We've just recently moved into a new home, which means lots of sorting, deleting, packing, and then unpacking of our years of accumulations.
Now that we are in an empty nest, we've downsized our home and changed geographies to meet our new lifestyle. It's a lot of work and very intimidating, but exhilarating at the same time.
We've been having moments of nostalgia as we sort through our possessions and outbursts of intense of laughter as we discover hidden gems from our years together and from raising our two kids.
Like the little note from my then-second grade son, thanking Christopher and me for always making him good school lunches.
Like the paper cut out self-portrait that my daughter made... we framed that one because we couldn't believe the quality coming from such a young age.
Like the paw print cast in cement of our little French Bulldog puppy who has since passed away.
"Memories, light the corners of my mind."
The best moment, however, came from a little blue ribbon blazed in gold with the words "18th Place." It was from my son's swim meet with he was 10 years old, and evidently he came in 18th place. I don't even remotely recall how many competitors there were in that race, but I sure hope it was more than 18!
We literally fell on the floor laughing with that one! 18th place! Why would you give a ribbon to someone who came in 18th place? I mean it's not 1st, 2nd, or 3rd. Back in my day those were the only winners.
Once we composed ourselves, we realized that our children are members of the #winning generation.
Everybody gets a blue ribbon with big bright gold lettering. In their generation, you get a reward just for showing up and trying.
You don't have to beat anybody to get recognized. How refreshing... how confident!

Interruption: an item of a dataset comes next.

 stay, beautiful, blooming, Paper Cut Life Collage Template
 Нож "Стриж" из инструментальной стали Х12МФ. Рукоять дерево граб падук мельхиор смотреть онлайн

It struck me how differently I was raised, yet how quickly I embraced this mantra when raising my children. When I was growing up, you either won or you lost. And as my parents would always remind me, "just because you won this one doesn't mean you'll win the next."
With my children, we never spoke about beating anybody, because we always felt like everybody should win, in their own way.
There are no losers.
I never cared if my kids were on winning sports teams. I just wanted them to try, and if they didn't like that particular then they were welcome to try something else. They both eventually fell into their own grove as a result, loving their own choice of sports and hobbies, after years of trial and error.
That was ok by me, isn't that what life is about?
Sure, there are critics who say we have raised a generation of young adults who expect to be praised at every turn. They expect to get the promotion before they're ready, they expect the accolades to come with every milestone, and they expect to be #winning at every turn.
Maybe. But that can be managed. I'd rather be dealing with confidence then with a lack of trying for fear of failure.
Is there ever really failure if you've given it your best shot?
"If at first you don't succeed, try try try again." Or try something else.
Or better yet, just be thrilled that you came in 18th place, with a blue ribbon and gold letters to prove it.